Security Council urges greater efforts by Iraq, Kuwait to resolve post-invasion issues
20 June 2012 – The Security Council today urged the Governments of Iraq and Kuwait to step up their engagement with the United Nations envoy helping the two countries resolve issues pending from Iraq’s 1990 invasion, including finding Kuwaiti or third-country nationals.
“The members of the Security Council welcomed the continued cooperation of the Governments of Iraq and Kuwait, and their high-level commitments to full implementation of all Iraqi obligations to Kuwait under the relevant resolutions,” the Council said in a statement issued to the press following a closed-door meeting.
The Council was briefed by Ambassador Gennady Tarasov, Secretary-General Ban Ki-moon’s High-Level Coordinator for the issue of missing Kuwait and third-country nationals and property, on Mr.

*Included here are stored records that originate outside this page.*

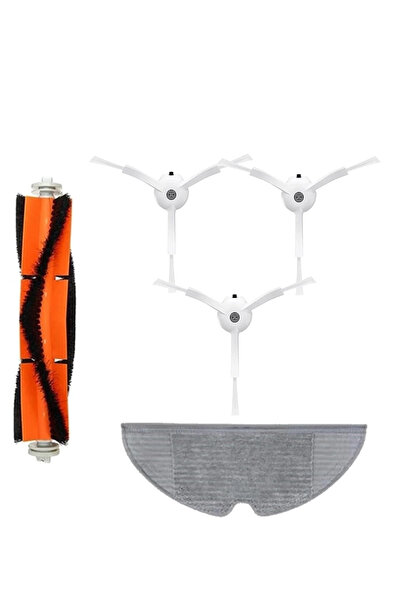 LİN GRUP Set de 5 piese de schimb compatibile cu aspiratorul robot Xiaomi Vac...
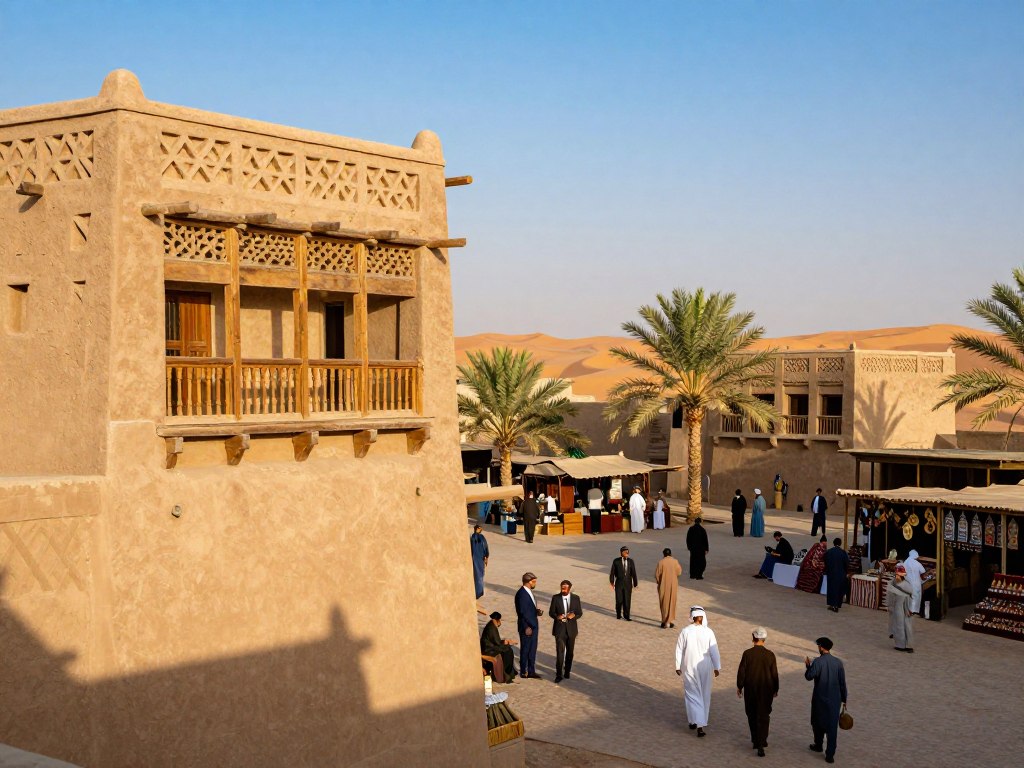 العمارة التقليدية في المملكة العربية السعودية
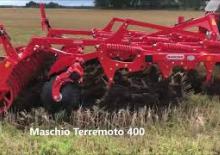 Цинкова дискова брана Maschio Terremoto 400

Ban’s latest report on the issue.
“The members of the Security Council recognised the proactive efforts on the part of Iraq in the search for missing Kuwaiti and third country nationals but stressed the need for Iraq to continue to build on the steps already taken to fully meet its commitments,” said the statement.
Council members welcomed the Iraqi Government’s establishment of an inter-ministerial committee to lead and coordinate efforts with regard to the Kuwaiti national archives.
“Whilst the members of the Security Council welcomed the recent return of microfilm cassettes, Kuwaiti currency, documents and safe keys, they noted the Secretary-General’s concern that no substantial progress has been made on clarifying the fate of the archives,” said the 15-member body.
“The members of the Security Council noted that sustained efforts on this file could bear results and repeated their call for an intensification of efforts to clarify the whereabouts of the archives,” it added.
The Council members urged the two Governments to sustain and intensify their constructive engagement with the High-Level Coordinator, and supported the Secretary-General’s opinion that both sides should begin exploring other arrangements to consolidate and ensure continued cooperation in the search for missing persons and property, including the national archives.